Tu opinión no importa nada, ni la suya, ni la de ellos. No, tampoco la mía. «Un caballero se avergüenza de que sus palabras sean mejores que sus hechos» decía Cervantes, y así las palabras son livianas y vuelan como hebras de diente de león mientras que los actos se erigen como sólido robledal y fundamentan lo que en realidad somos.

Por tanto, hay que entender que los desvelos causados por las opiniones ajenas, dependen más de las mismas personas que los sufren, que de quienes los profieren, pues aquéllas se sienten zaheridas muchas veces por el más mínimo desdoro, como si las palabras fueran venablos que lanzados desde una tronera laceraran sus mismas entrañas. No viene mal recordar que a diferencia del cuchillo, que amolado cercena la carne, las palabras tienen el filo que nosotros queramos darles, y así, seremos capaces de volverlas romas y mochas en el momento en que -como decía Cicerón entendamos que la conciencia que tenemos de nosotros mismos importa más que la opinión de todo el resto de los coetáneos juntos.

Pero este es un tema que no es nada nuevo, ya Cervantes nos sorprendía en su obra magna con una ínclita diatriba sobre la opinión de quienes intentaban deslustrar sin saber de que hablaban: «no os enfadéis por los comentarios y opiniones de curas y niños pues ambos hablan sin la autoridad de la experiencia y no tienen potestad alguna puesto que solo hablan de oídas y sin saber, por lo que pueden vituperar pero no dañar». Amén.
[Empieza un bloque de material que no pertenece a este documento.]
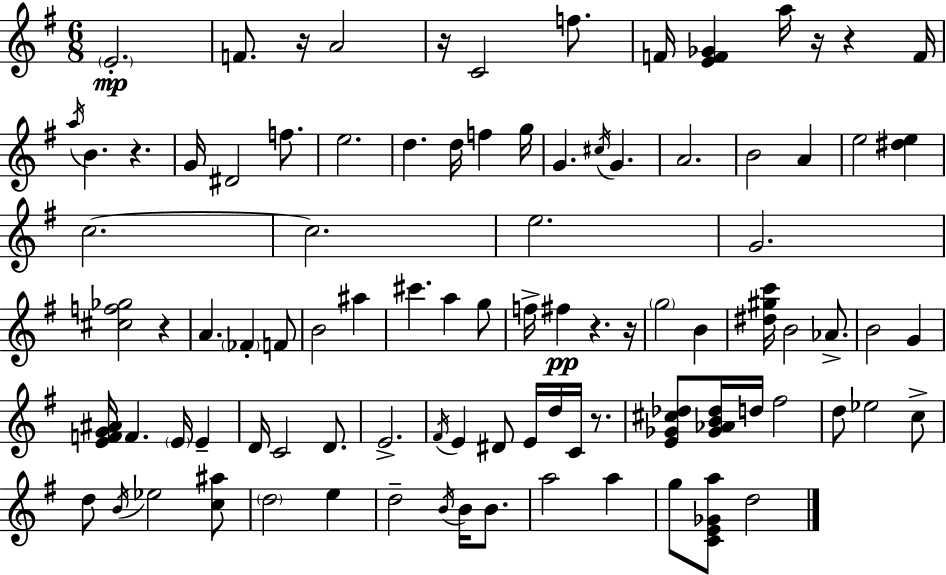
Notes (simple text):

E4/h. F4/e. R/s A4/h R/s C4/h F5/e. F4/s [E4,F4,Gb4]/q A5/s R/s R/q F4/s A5/s B4/q. R/q. G4/s D#4/h F5/e. E5/h. D5/q. D5/s F5/q G5/s G4/q. C#5/s G4/q. A4/h. B4/h A4/q E5/h [D#5,E5]/q C5/h. C5/h. E5/h. G4/h. [C#5,F5,Gb5]/h R/q A4/q. FES4/q F4/e B4/h A#5/q C#6/q. A5/q G5/e F5/s F#5/q R/q. R/s G5/h B4/q [D#5,G#5,C6]/s B4/h Ab4/e. B4/h G4/q [E4,F4,G4,A#4]/s F4/q. E4/s E4/q D4/s C4/h D4/e. E4/h. F#4/s E4/q D#4/e E4/s D5/s C4/s R/e. [E4,Gb4,C#5,Db5]/e [Gb4,Ab4,B4,Db5]/s D5/s F#5/h D5/e Eb5/h C5/e D5/e B4/s Eb5/h [C5,A#5]/e D5/h E5/q D5/h B4/s B4/s B4/e. A5/h A5/q G5/e [C4,E4,Gb4,A5]/e D5/h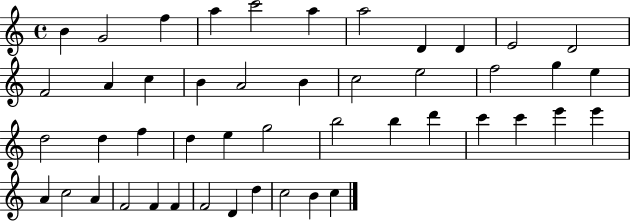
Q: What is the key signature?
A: C major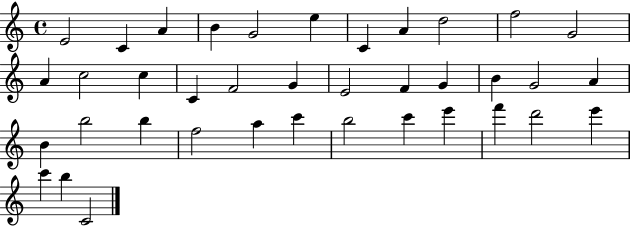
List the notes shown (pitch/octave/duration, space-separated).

E4/h C4/q A4/q B4/q G4/h E5/q C4/q A4/q D5/h F5/h G4/h A4/q C5/h C5/q C4/q F4/h G4/q E4/h F4/q G4/q B4/q G4/h A4/q B4/q B5/h B5/q F5/h A5/q C6/q B5/h C6/q E6/q F6/q D6/h E6/q C6/q B5/q C4/h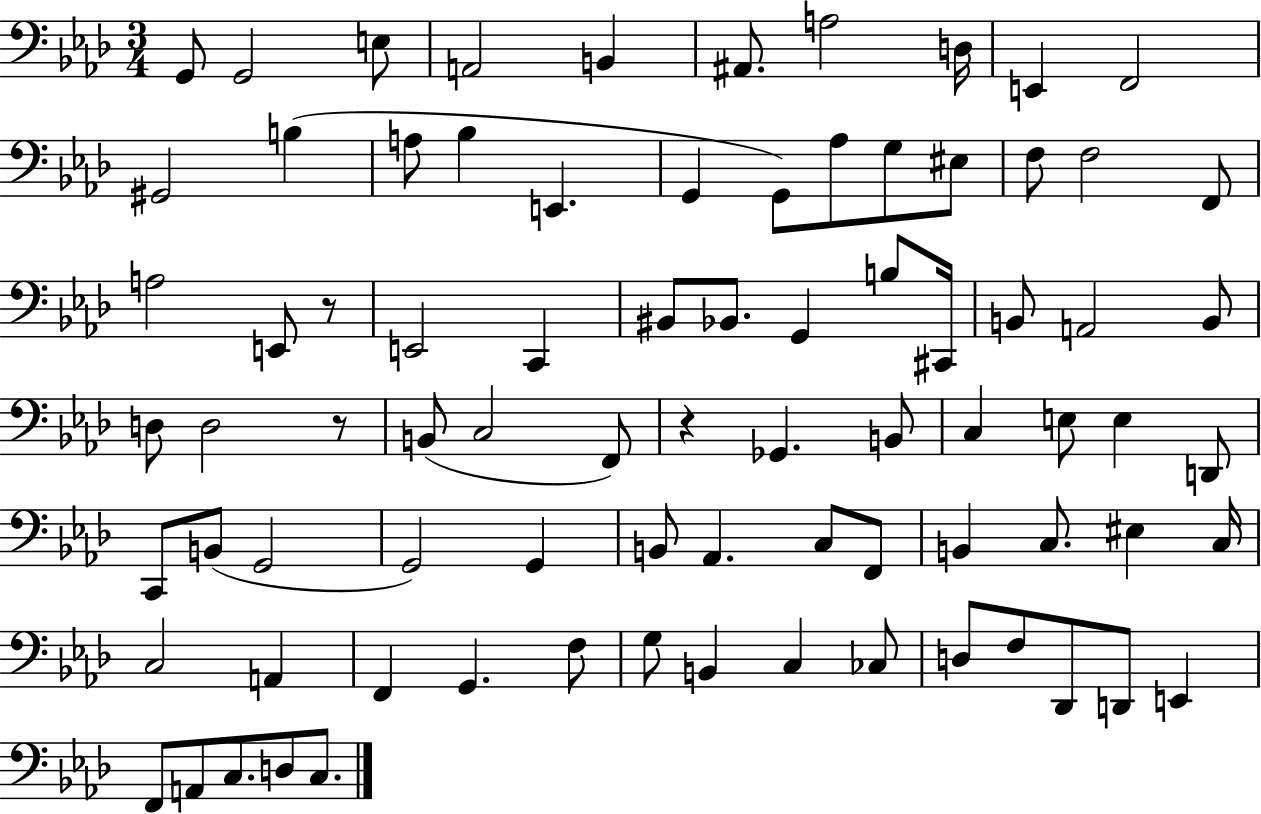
{
  \clef bass
  \numericTimeSignature
  \time 3/4
  \key aes \major
  \repeat volta 2 { g,8 g,2 e8 | a,2 b,4 | ais,8. a2 d16 | e,4 f,2 | \break gis,2 b4( | a8 bes4 e,4. | g,4 g,8) aes8 g8 eis8 | f8 f2 f,8 | \break a2 e,8 r8 | e,2 c,4 | bis,8 bes,8. g,4 b8 cis,16 | b,8 a,2 b,8 | \break d8 d2 r8 | b,8( c2 f,8) | r4 ges,4. b,8 | c4 e8 e4 d,8 | \break c,8 b,8( g,2 | g,2) g,4 | b,8 aes,4. c8 f,8 | b,4 c8. eis4 c16 | \break c2 a,4 | f,4 g,4. f8 | g8 b,4 c4 ces8 | d8 f8 des,8 d,8 e,4 | \break f,8 a,8 c8. d8 c8. | } \bar "|."
}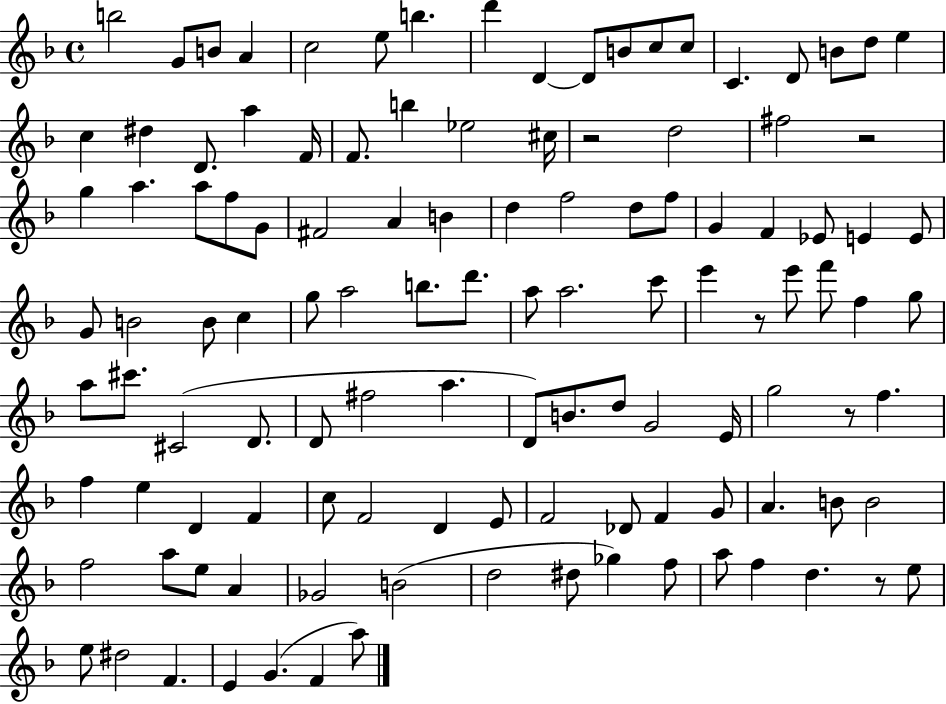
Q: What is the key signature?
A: F major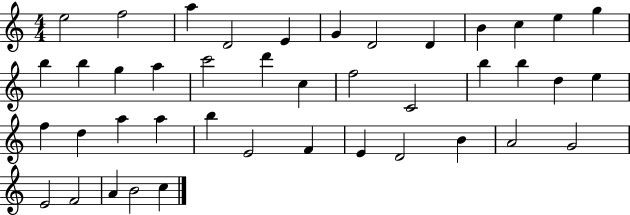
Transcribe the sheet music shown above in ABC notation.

X:1
T:Untitled
M:4/4
L:1/4
K:C
e2 f2 a D2 E G D2 D B c e g b b g a c'2 d' c f2 C2 b b d e f d a a b E2 F E D2 B A2 G2 E2 F2 A B2 c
Y así vamos siendo conscientes de que en todas las épocas incluso los más excelsos autores tuvieron que sufrir los baldones y oprobios de cobardes áspides y helmintos, que desde la seguridad del púlpito -ahora de la red- lanzaban sus imprecaciones a todo el que quisiera andar con la cabeza erguida.

Los medios tampoco suelen ayudar en este tema, pues muchas veces difunden meros murmullos, alzando como voz general, la de unos pocos particulares. Y así hacen confundir la opinión publicada con la opinión pública, y vemos a menudo supuestas exaltaciones de la masa en quorum, que en realidad no lo son, como si se intentara hacer que el efecto viniera antes de la causa, y por supuesto, forzar una situación de alarma o rencor exacerbado que en realidad no existe.

Luego está el intelectual, que suple la falta de coraje con ideología política y actualidad, siempre de aquí para allá, con la única intención de estar en el candelero a toda costa, con más caras que cuartos tiene un hotel de putas. Y no, claro que no me convencen, «boca sin manos no eres de fiar», reza el 'Cantar de Mio Cid'. Pero en ocasiones uno ve que tristemente la gente no quiere realidades sino certezas, aunque éstas sean falsas. Porque construir una verdad es mucho más fácil que observar la complejidad de la realidad y dar una idea fidedigna de ésta. Aunque sin duda, lo realmente difícil es actuar según se piensa, para que las cosas no se queden solo en opiniones formadas por palabras hueras, que dan forma pero no fondo.

Ilustración Víctor Pastor.

Ya nos anticipó Heidegger que el individuo no es consciente de que la mayor parte del tiempo no habla, sino que es hablado, que no piensa, sino que es pensado. Que se dedica a repetir el credo que oye en la radio, lee en la prensa y ve en la televisión, con résped y aviesa intención las más de las veces, y lo que es peor, sin pensarlo ni hacerlo suyo, pues si lo hiciera necesitaría días y días de maduración, y claro, no está dispuesto. Y al final ya se sabe, uva agraz, pensamientos hebenes. Y es ese mismo hombre masa -como lo llamaba Ortega- quien aúna infinitos deseos de notoriedad frente a los demás, a la par que rezuma una radical ingratitud e inquina a todo lo que le rodea, especialmente a sus conterráneos más cercanos.

Y vemos que quien se encuentra embarcado en una particular singladura no perderá el tiempo en discusiones con quien no lo merece, pero la gente que vive de opinar y de ser opinada, se encuentra vacía de destino y de poder aportar realmente a los demás y en última instancia a ellos mismos. Así que téngalo claro a cada momento: la opinión no vale nada, el pensamiento algo, pero la acción, la acción amigo mío, lo vale todo.